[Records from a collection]
--------

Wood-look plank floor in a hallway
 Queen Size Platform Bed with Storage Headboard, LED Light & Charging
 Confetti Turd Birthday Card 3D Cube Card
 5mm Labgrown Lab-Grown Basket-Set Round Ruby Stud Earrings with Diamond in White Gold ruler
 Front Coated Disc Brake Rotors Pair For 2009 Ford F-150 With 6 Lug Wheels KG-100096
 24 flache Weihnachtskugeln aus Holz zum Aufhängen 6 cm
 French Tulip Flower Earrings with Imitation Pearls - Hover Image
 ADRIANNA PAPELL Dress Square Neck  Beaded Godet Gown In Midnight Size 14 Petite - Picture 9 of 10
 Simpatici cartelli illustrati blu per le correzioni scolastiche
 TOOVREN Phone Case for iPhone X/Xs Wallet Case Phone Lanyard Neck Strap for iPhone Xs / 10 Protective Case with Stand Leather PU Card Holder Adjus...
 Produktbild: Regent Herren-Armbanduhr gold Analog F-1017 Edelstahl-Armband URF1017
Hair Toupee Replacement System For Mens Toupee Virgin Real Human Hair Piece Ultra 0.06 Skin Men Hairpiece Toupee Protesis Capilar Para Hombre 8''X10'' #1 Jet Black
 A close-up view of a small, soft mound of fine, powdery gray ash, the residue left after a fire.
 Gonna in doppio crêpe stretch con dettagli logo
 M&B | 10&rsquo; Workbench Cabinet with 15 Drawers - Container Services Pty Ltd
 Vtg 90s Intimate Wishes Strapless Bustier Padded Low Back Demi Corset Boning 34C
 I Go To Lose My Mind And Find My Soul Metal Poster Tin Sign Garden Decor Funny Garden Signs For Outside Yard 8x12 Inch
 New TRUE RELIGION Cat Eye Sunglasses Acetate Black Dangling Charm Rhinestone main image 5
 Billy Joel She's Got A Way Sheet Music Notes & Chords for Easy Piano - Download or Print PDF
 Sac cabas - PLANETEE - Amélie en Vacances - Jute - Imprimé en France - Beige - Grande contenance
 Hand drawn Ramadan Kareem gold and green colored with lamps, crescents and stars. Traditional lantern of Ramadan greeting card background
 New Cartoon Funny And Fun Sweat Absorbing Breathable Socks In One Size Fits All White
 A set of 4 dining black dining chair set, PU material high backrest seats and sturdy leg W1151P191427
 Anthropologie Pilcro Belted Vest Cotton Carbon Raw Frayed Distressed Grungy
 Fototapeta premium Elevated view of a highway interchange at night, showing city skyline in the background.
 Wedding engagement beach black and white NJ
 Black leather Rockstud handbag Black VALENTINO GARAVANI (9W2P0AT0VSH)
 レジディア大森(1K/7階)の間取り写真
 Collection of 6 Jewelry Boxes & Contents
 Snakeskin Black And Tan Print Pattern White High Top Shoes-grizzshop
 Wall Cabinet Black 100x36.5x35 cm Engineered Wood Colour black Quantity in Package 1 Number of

--------

WORK INSTRUCTION: All lines above that contain the word "background" are to be copied.

RESULT:
 Hand drawn Ramadan Kareem gold and green colored with lamps, crescents and stars. Traditional lantern of Ramadan greeting card background
 Fototapeta premium Elevated view of a highway interchange at night, showing city skyline in the background.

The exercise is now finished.